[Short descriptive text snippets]
····················

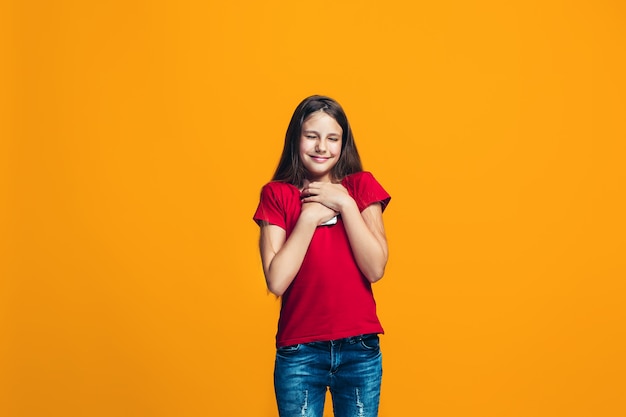 L'adolescente heureuse debout et souriant contre le mur orange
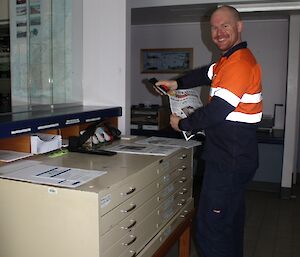 Richard printing the daily papers that he downloads over the internet each morning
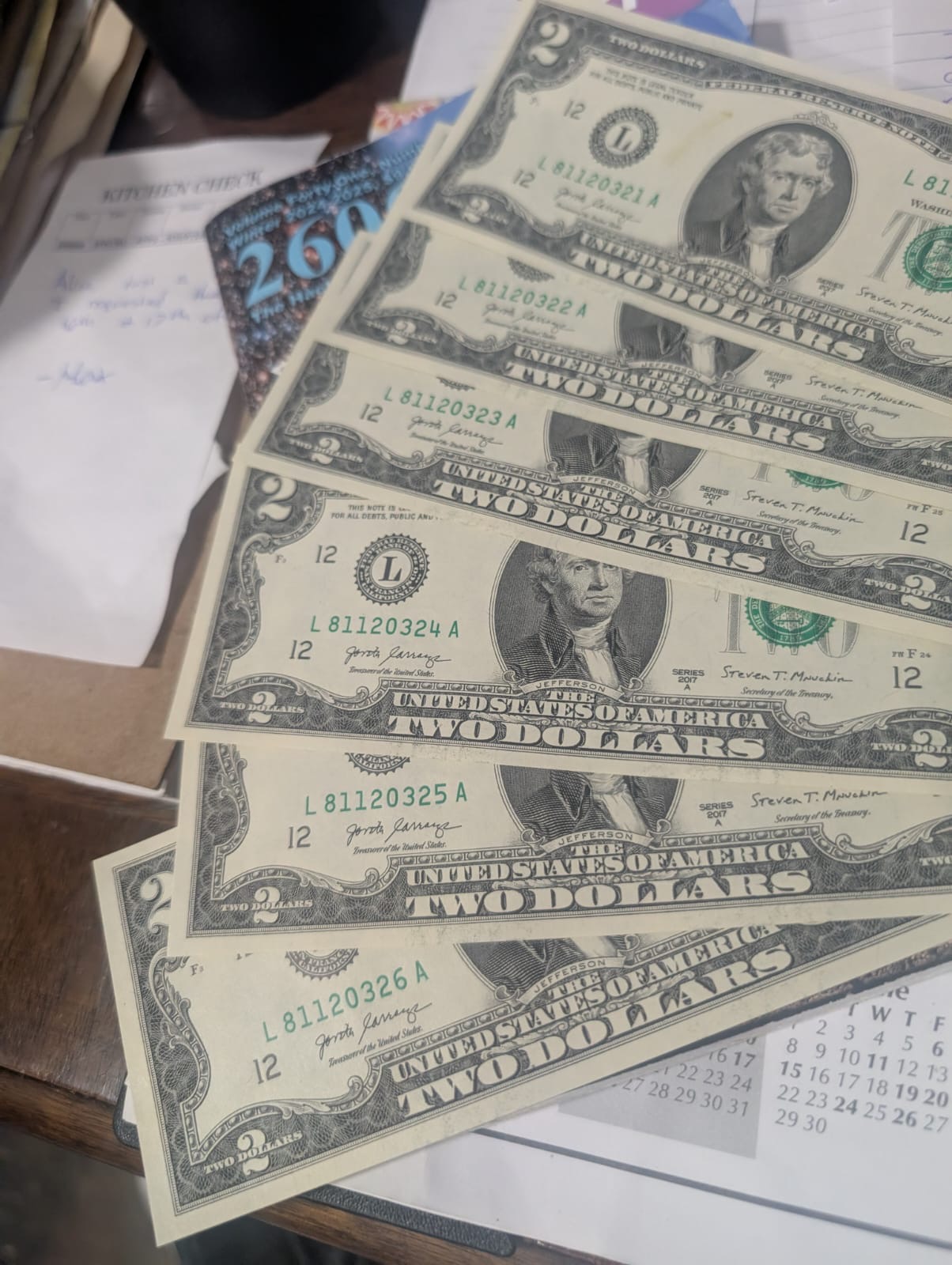 Fan of sequential $2 bills showing consecutive serial numbers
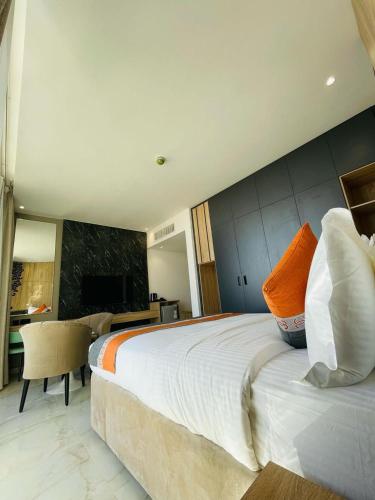 a bedroom with a large bed with an orange pillow at Diamond Palm Hotel & Resort in Al Burj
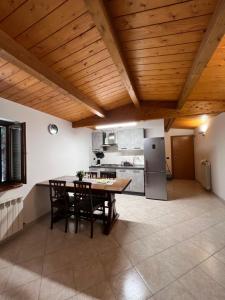 a kitchen with a wooden ceiling with a table and chairs at Casa Nico in Montemarciano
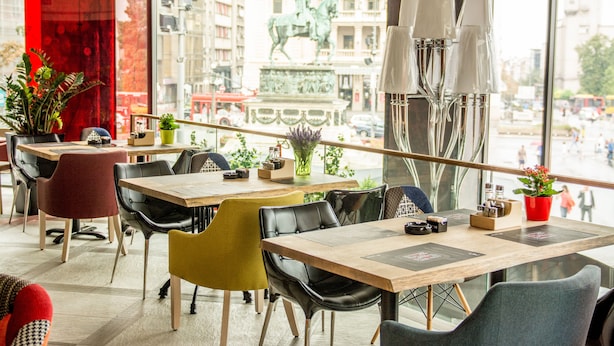 A modern dining area with multiple tables and chairs, large windows offering a view of the cityscape, and decorative plants. - Boutique Rooms (Belgrade)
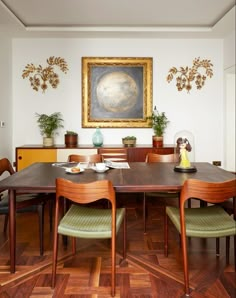 a dining room table with green chairs and a large painting on the wall behind it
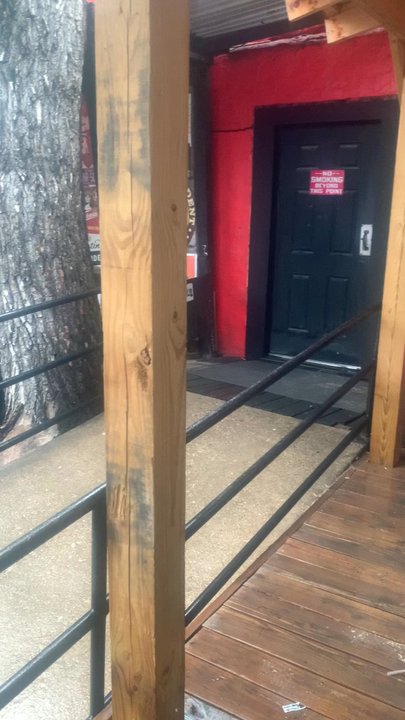 Caves Lounge - Patio is a great spot!!  It's raining but stayin dry under the covered bar and several other areas with tables covered for rain & sun!! - Dive Bars Near Me - Arlington, Texas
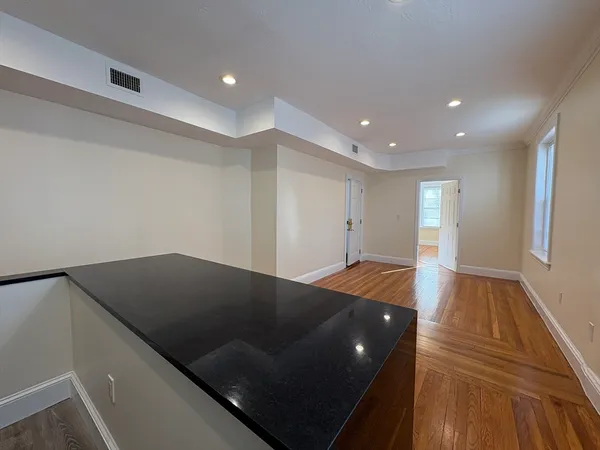 a living room with a bed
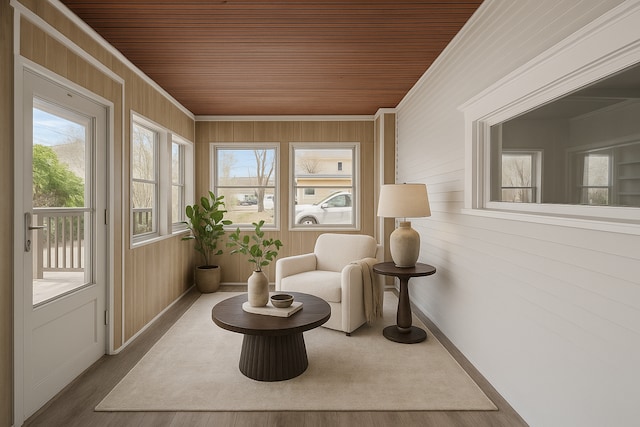 1527 Minnehaha Ave W, Saint Paul, MN 55104 - sitting room with healthy amount of natural light, ornamental molding, wood ceiling, baseboards, and wood finished floors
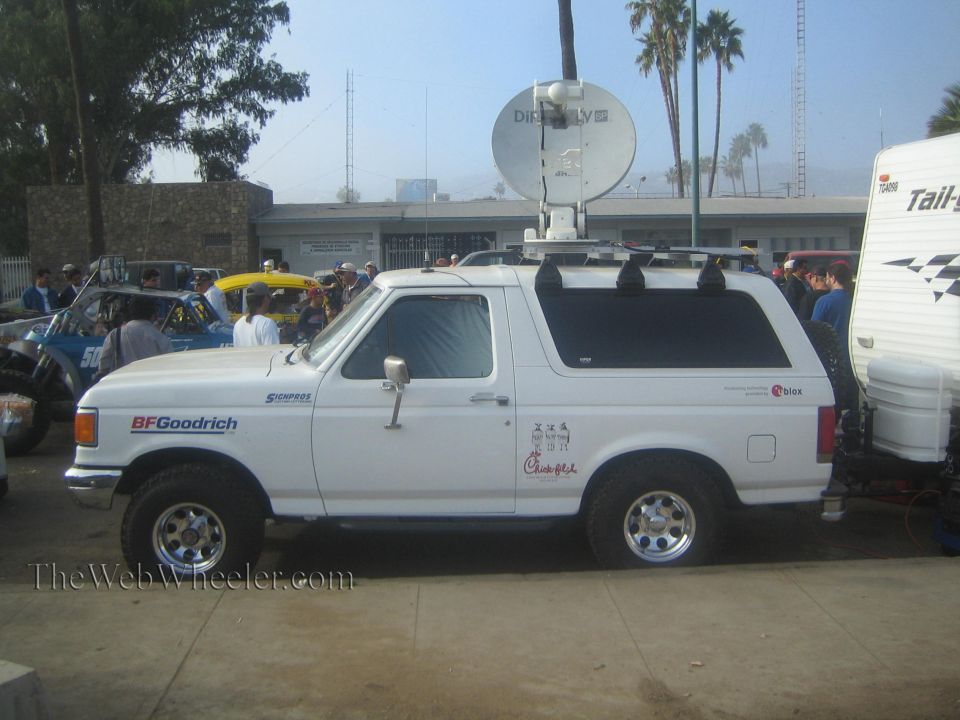 Side view of white Ford Bronco with roof-mounted satellite dish and BFGoodrich decals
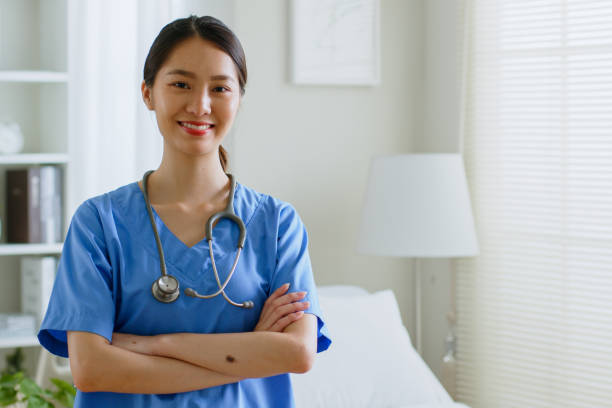 portret młodej azjatyckiej pielęgniarki uśmiechającej się w domu opieki lub szpitalu. spójrz na kamerę - doctor stethoscope nurse asian ethnicity zdjęcia i obrazy z banku zdjęć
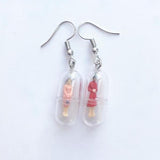 Human Capsule Earrings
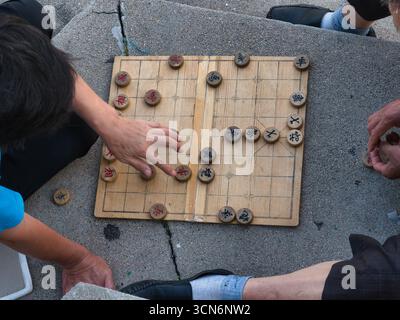 Ein Blick von oben auf eine Gruppe von Menschen, die chinesisches Schach (Xiangqi) auf einem Holzbrett auf der Straße spielen, was einen beliebten kulturellen Zeitvertreib hervorhebt. Stockfoto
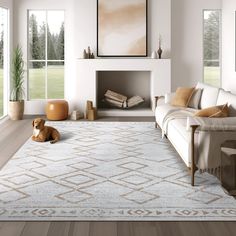 a living room with a dog laying on the floor in front of a fire place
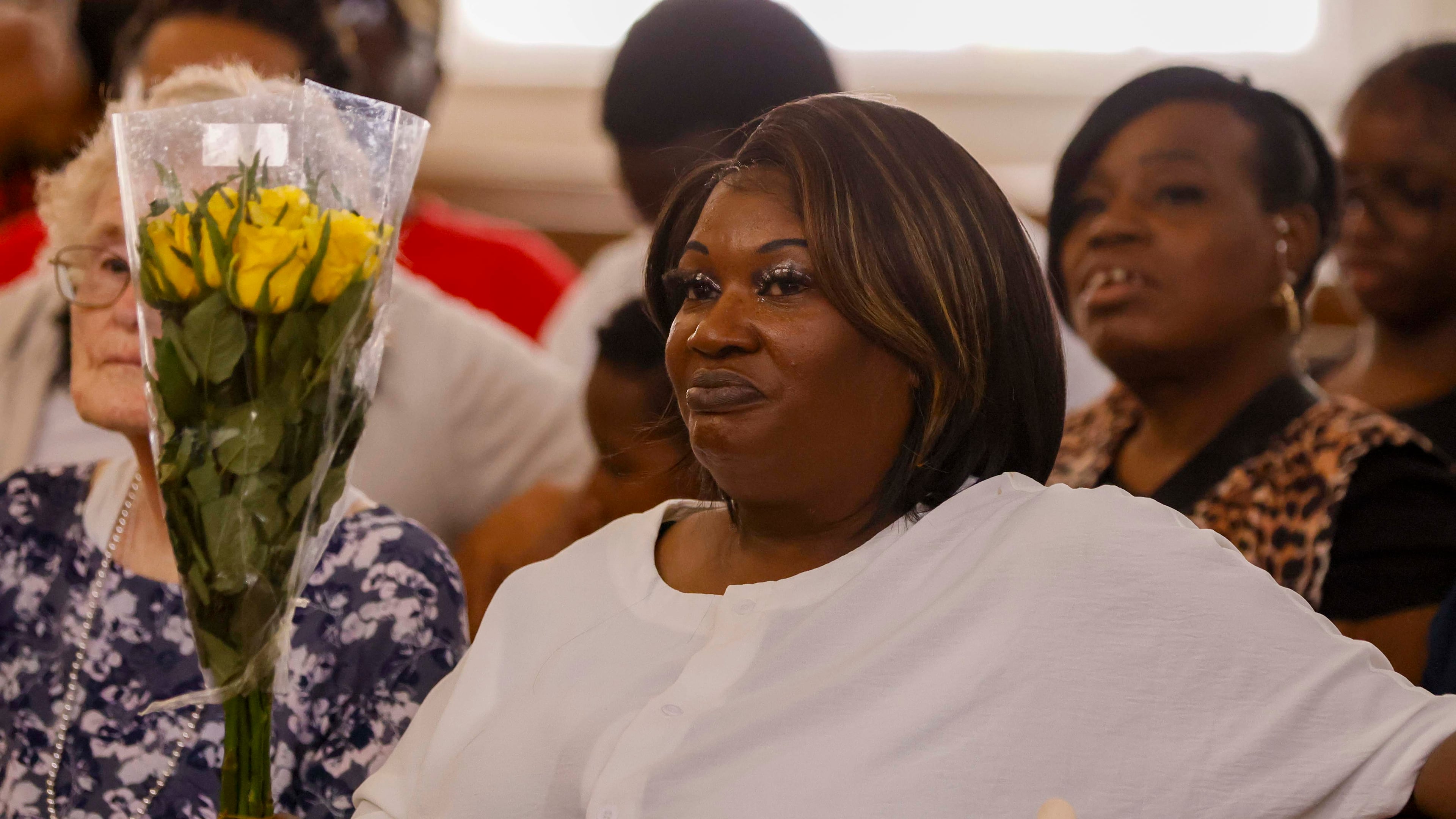 April Newkirk and her family celebrate the life of Newkirk's daughter, Adriana Smith, at Park Avenue Baptist Church on Sunday. Smith was declared brain dead months ago, but the state’s abortion law has prevented doctors from removing her from life support because she's pregnant.
(Miguel Martinez/AJC)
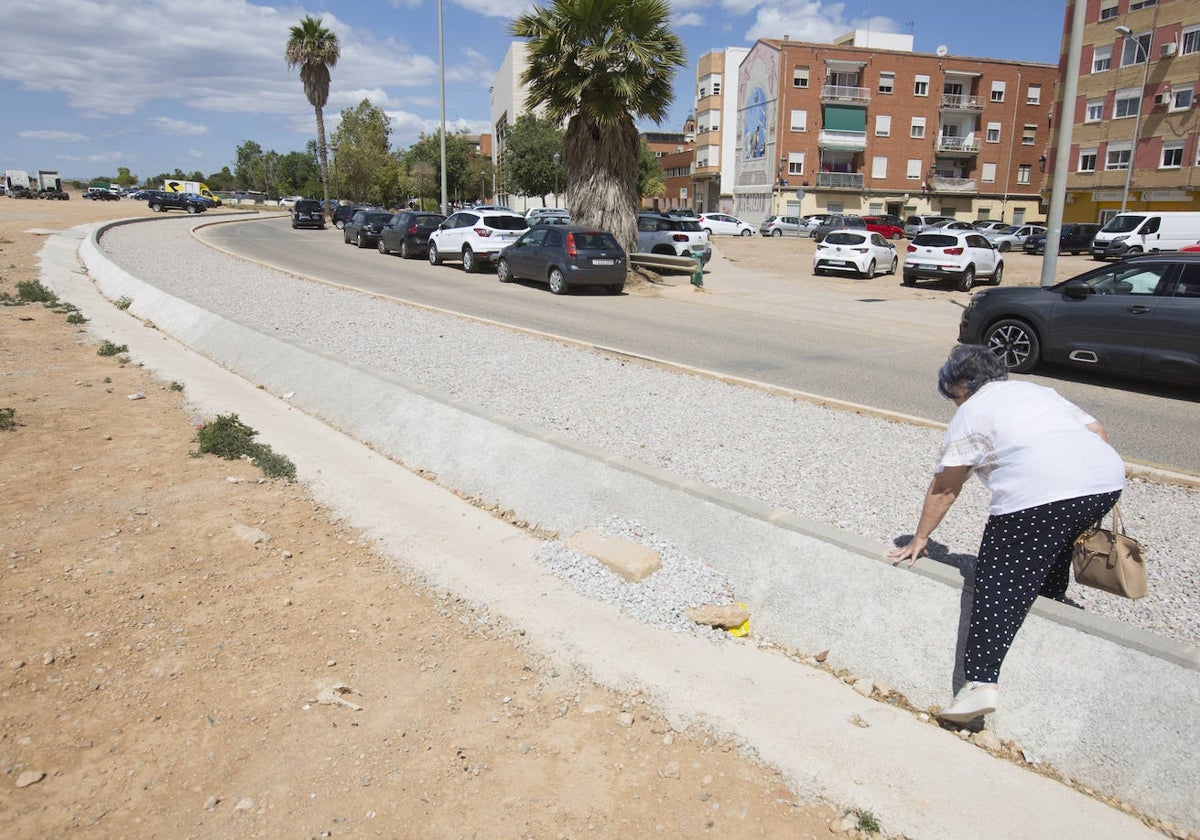 Rosa Rodríguez, sorteando el bordillo que ha puesto el Ayuntamiento en la parte que divide Camí Reial y San Marcelino, para evitar inundaciones.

····················

■ Task instructions ■
Up to and including the line with "1527 Minnehaha Ave", repeat every line from the top of the entries exactly, but not the pictures.

■ Response ■
 L'adolescente heureuse debout et souriant contre le mur orange
 Richard printing the daily papers that he downloads over the internet each morning
 Fan of sequential $2 bills showing consecutive serial numbers
 a bedroom with a large bed with an orange pillow at Diamond Palm Hotel & Resort in Al Burj
 a kitchen with a wooden ceiling with a table and chairs at Casa Nico in Montemarciano
 A modern dining area with multiple tables and chairs, large windows offering a view of the cityscape, and decorative plants. - Boutique Rooms (Belgrade)
 a dining room table with green chairs and a large painting on the wall behind it
 Caves Lounge - Patio is a great spot!!  It's raining but stayin dry under the covered bar and several other areas with tables covered for rain & sun!! - Dive Bars Near Me - Arlington, Texas
 a living room with a bed
 1527 Minnehaha Ave W, Saint Paul, MN 55104 - sitting room with healthy amount of natural light, ornamental molding, wood ceiling, baseboards, and wood finished floors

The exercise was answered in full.